The World Daily
UK climate advisors warn of inadequacy

A house in flood water in Ironbridge, Shropshire, in 2019. Photo:AFP 

 

By Patryk Krych | The World Daily | JUNE 16th 2021 

 

According to the UK government’s official climate advisors, the country’s government is failing to provide sufficient protections against climate dangers that may lead to the endangerment of people through rising heatwaves and blackout risks.

Failing to tackle the issues of heatwaves and power blackouts is “absolutely illogical,” according to the Climate Change Committee (CCC). The committee added that thus far, England has been slow to keep up with the impacts of global warming – the majority of which are only growing worse by the day, and causing harm across the nation.

Experts at the CCC claim to be growing frustrated by the government’s lack of pace in terms of keeping up with the global crisis, with even the UK government’s environmental adviser having accused the country’s ministers of not planning for the “inevitable” climate impacts.

“We’ve been raising our concerns consistently for some time now. [The government has] found it far too easy to dismiss those,” said chief executive of the CCC, Chris Stark. “We need a better plan from government.”

He added that any environmental strategies that the government intends to form must put emission cuts into consideration, as well as accounting for “the changes in climate that we know we’re going to see.”

In the UK alone, 2,500 people had died as a result of the heatwave in 2020. The CCC had warned the UK government for at least a decade that homes needed to be made much easier to cool, with the inevitably worsening heatwaves that would come to grip the country.

“Adaptation remains the Cinderella of climate change, still sitting in rags by the stove: under-resourced, underfunded and often ignored,” said the chair of the CCC’s adaptation committee, Baroness Brown. “Not only is it essential that we do adaptation, but it also provides economic benefit. So it’s absolutely illogical that we are not doing it.”

A large part of the CCC’s recent frustrations had revolved around the fact that acting sooner than later to adapt to the changing climates will be 10 times as cost-efficient as not bothering to adapt at all.

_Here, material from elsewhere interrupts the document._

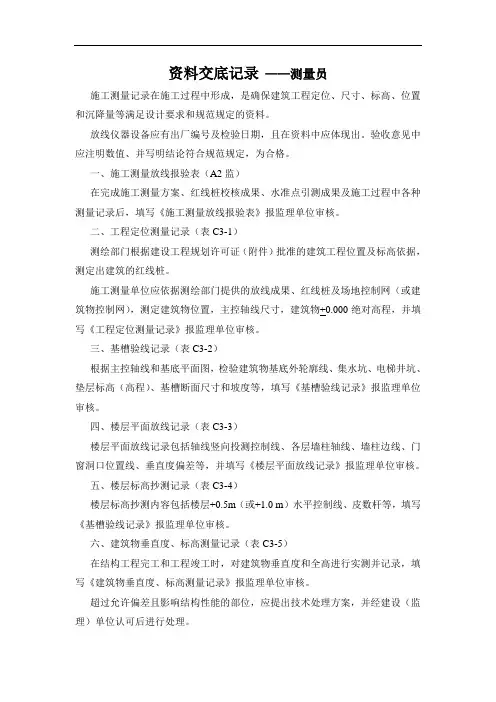 测量员资料交底记录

Despite this, not enough has been done on the UK’s part.

“Our particular frustration is that after the last climate-change risk assessment in 2016, the adaptation plan that was published was really inadequate,” Brown added. “It didn’t address many of the risks highlighted and it wasn’t in any way action focused. A detailed, effective action plan that prepares the UK for climate change is now essential and needed urgently.”

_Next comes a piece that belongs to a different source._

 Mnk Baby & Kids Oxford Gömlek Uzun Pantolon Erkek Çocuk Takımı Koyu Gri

Chief Stark had pointed out that the “wilful resistance” of the government to heed the CCC’s warnings likely had a lot to do with politics: “That’s because it’s hard, it doesn’t fit with the [five-year] political cycle and it doesn’t have the glamour of net zero attached to it. The government has got to get real about it.”

The risks are growing more intense, with the changing climate increasing the chances of stronger storms that may lead to the breaking of supply chains not only to the UK, but also to other countries in Europe. Heatwaves are projected to grow increasingly intense over the coming years, as well as blackouts which are growing more common due to home heating and cars growing more electrified as a result of the stronger temperatures.

Humans are far from the only species at risk, with much of the global and local wildlife and environments becoming ‘at risk,’ causing threat to the local ecologies and food chains that may even come back to impact humans once more.

“We cannot expect nature to mop up all that carbon if it’s too hot and too dry for the trees to grow,” said Stark.

A government spokesperson has recently responded to the warnings, having stated that: “We welcome this report and will consider its recommendations closely as we continue to demonstrate global leadership on climate change ahead of COP26 in November.”